The 2016 edition released in October 2016 takes a close look at the role that inequality reduction plays in ending extreme poverty and improving the livelihoods of the poorest in every country. It looks at recent country experiences that have been successful in reducing inequality, provides key lessons from those experiences, and synthesizes the rigorous evidence on public policies that can shift inequality in a way that bolsters poverty reduction and shared prosperity in a sustainable manner.
Progress on extreme poverty was driven mainly by East Asia and Pacific, especially China and Indonesia, and by India. Half of the world’s extreme poor now live in Sub-Saharan Africa, and another third live in South Asia.
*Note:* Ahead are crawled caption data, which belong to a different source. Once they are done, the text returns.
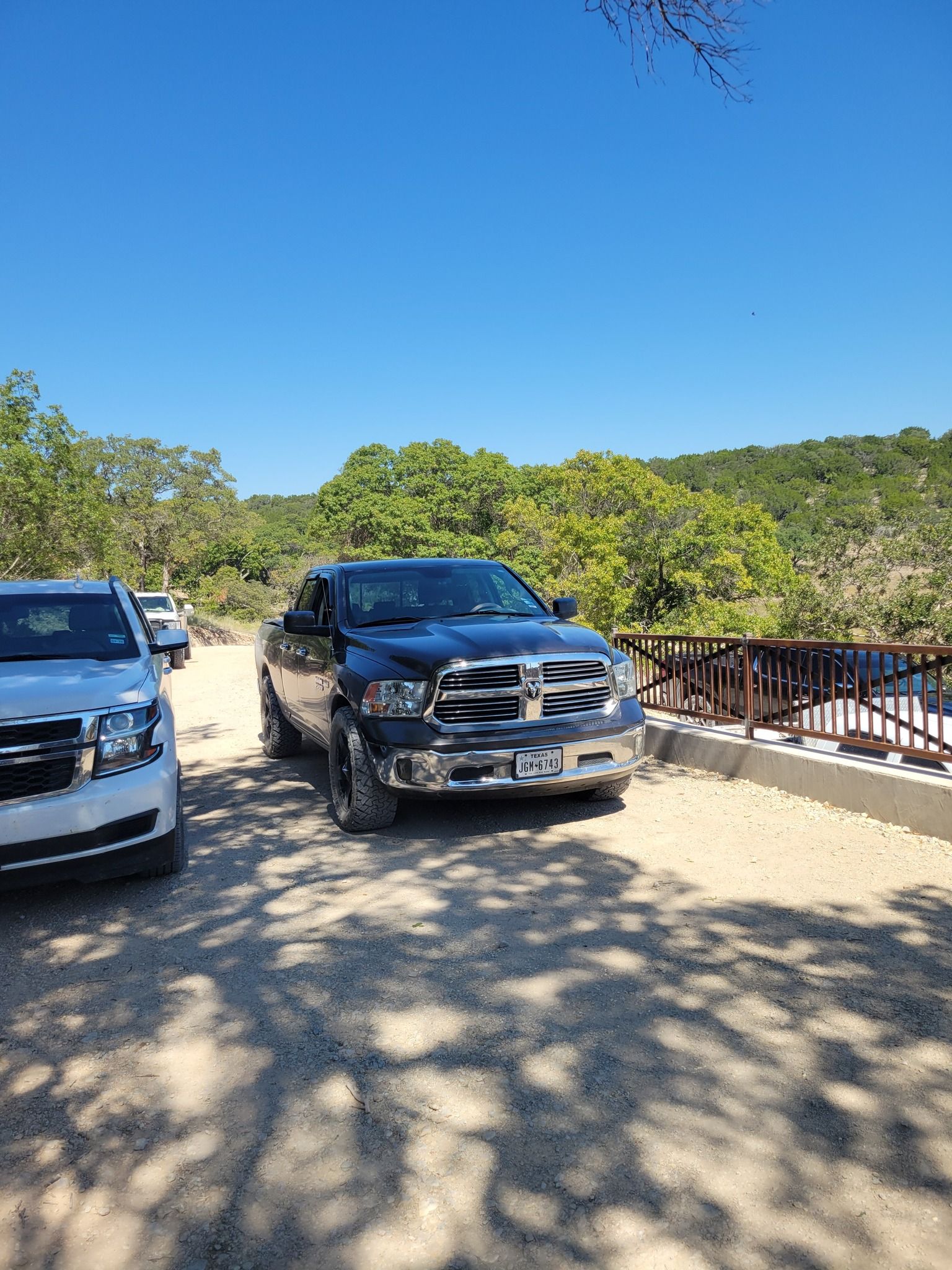 Two parked SUVs on a sunny paved overlook beside a wooden railing and green trees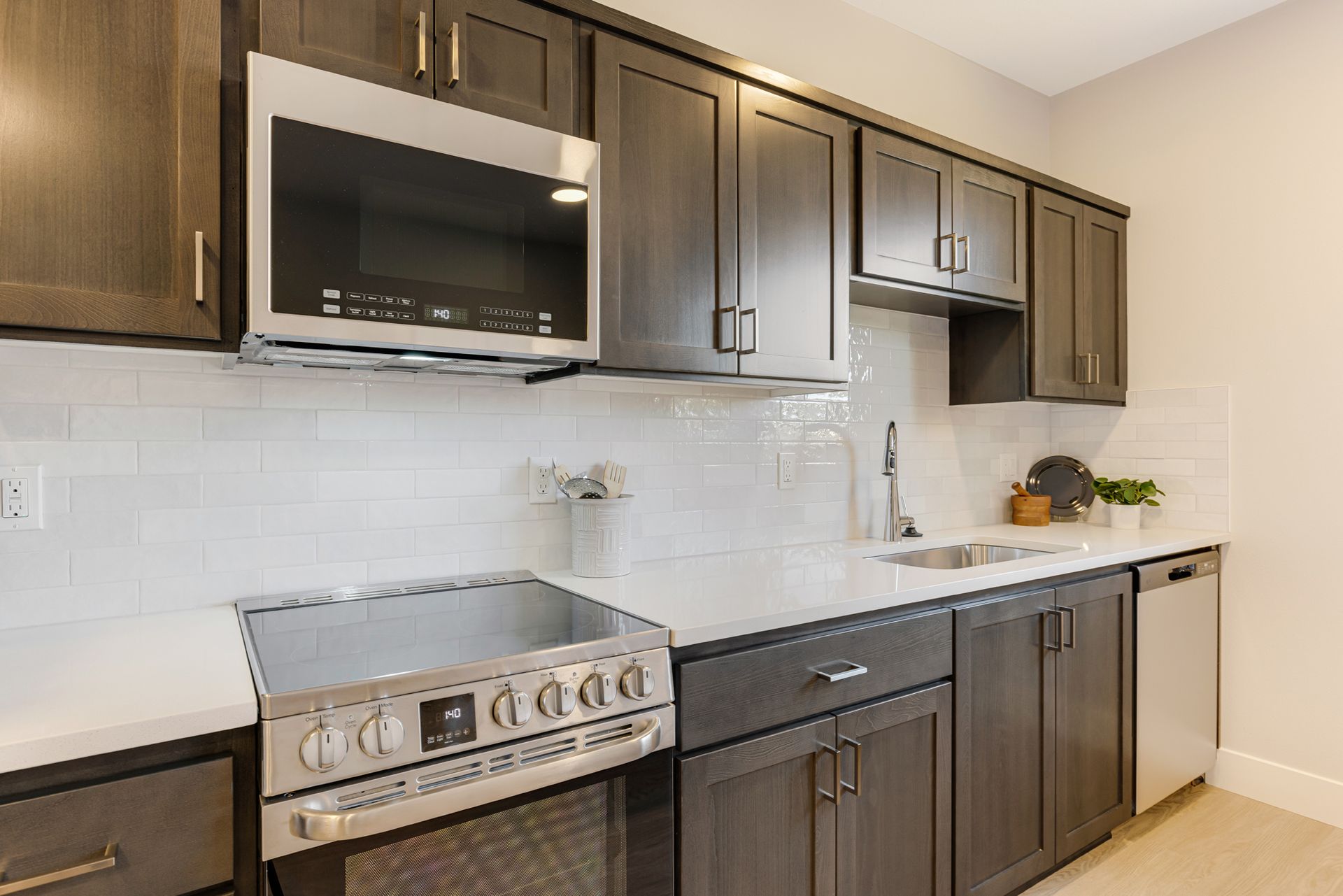 A kitchen with stainless steel appliances and gray cabinets.
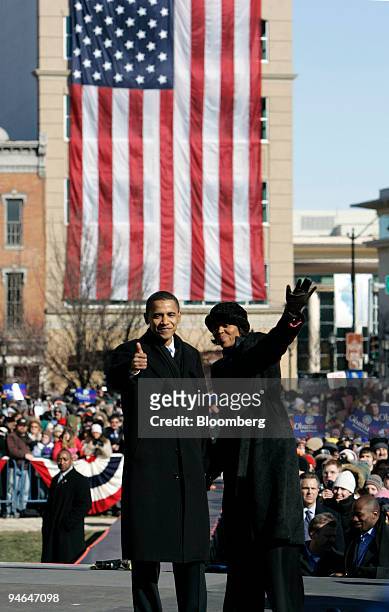 Illinois senator Barack Obama gives a thumbs up to the crowd with his wife Michelle after announcing his candidacy for the 2008 Presidential...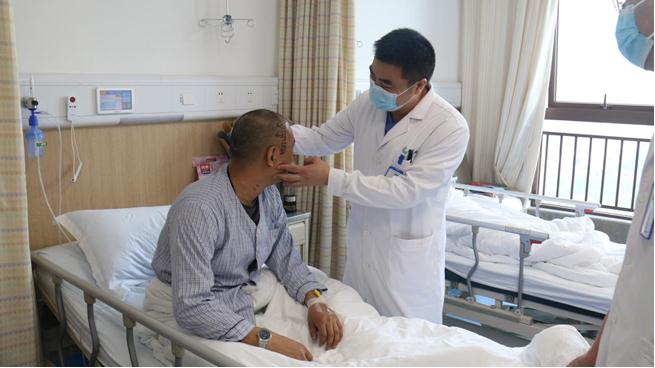 梁鴻查看病人情況。重慶西區醫院供圖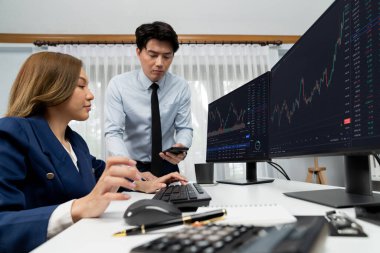 Gülümseyen işadamı cep telefonundaki dinamik borsa verilerini, iç ofisindeki internet sitesi uygulamasını analiz etmek için not yazan kadınlara gösteriyor. İnfobahn.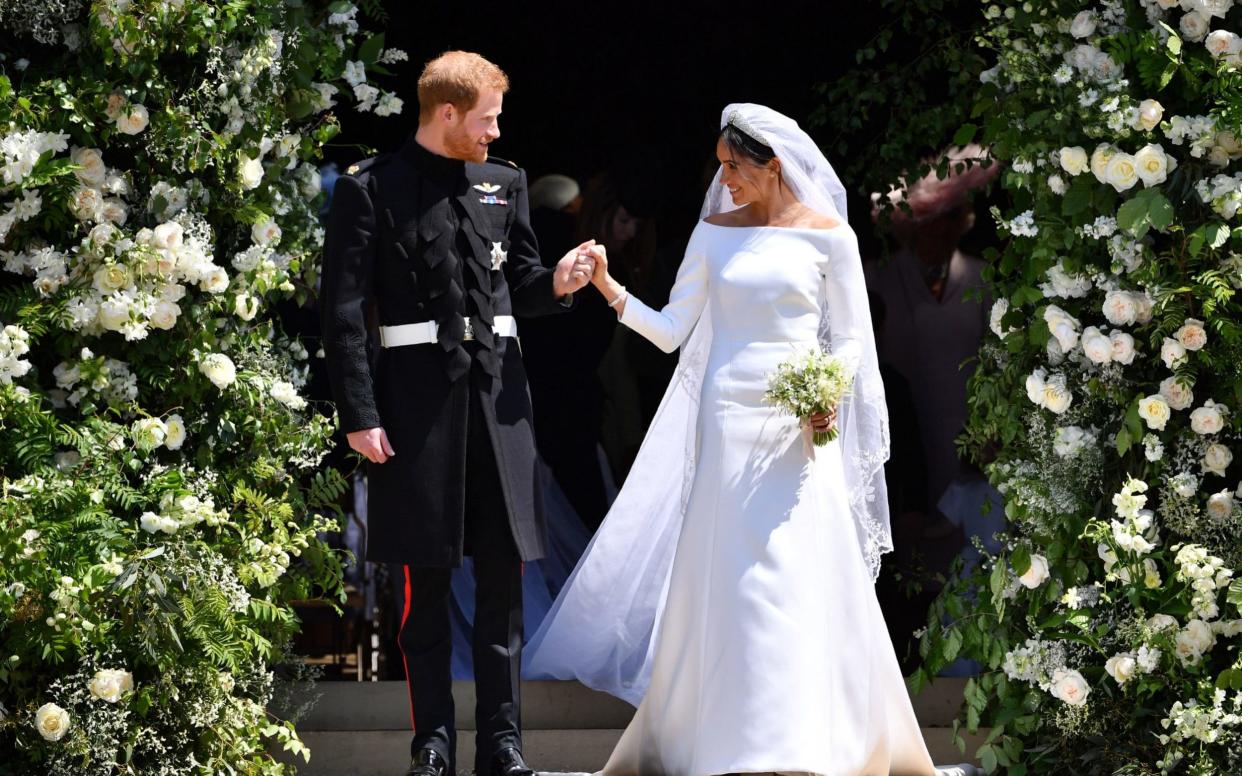 The new Duke and Duchess of Sussex leave St George's Chapel, Windsor on the wedding day - PA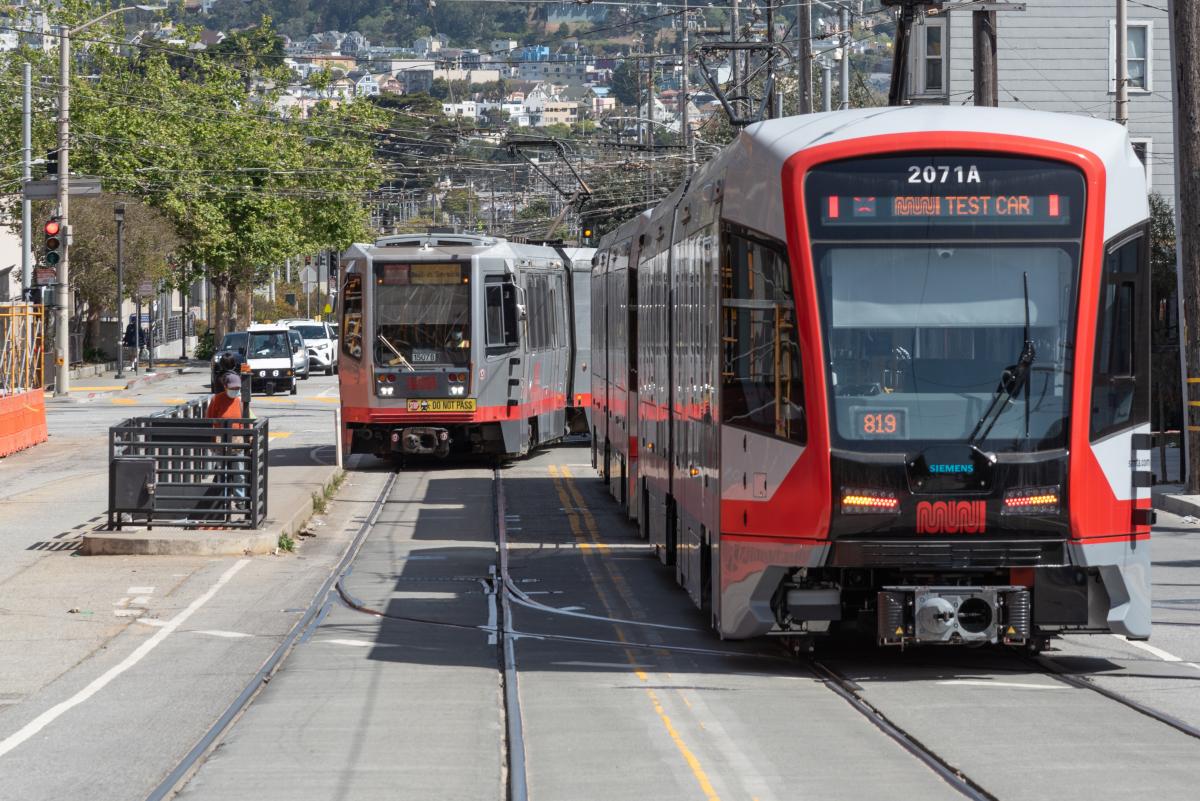 Photo of an older Breda model Muni Metro train on the street in the background, and a new LRV4 model Muni Metro train in the foreground.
Sub-Saharan Africa has the largest number of extreme poor in the world, 389 million, which accounts for half of the total number of extreme poor in the world, and more than all the other regions combined.
In 60 out of the 83 countries covered by the new report to track shared prosperity, average incomes went up for people living in the bottom 40 percent of their countries between 2008 and 2013, despite the financial crisis. Importantly, these countries represent 67 percent of the world’s population.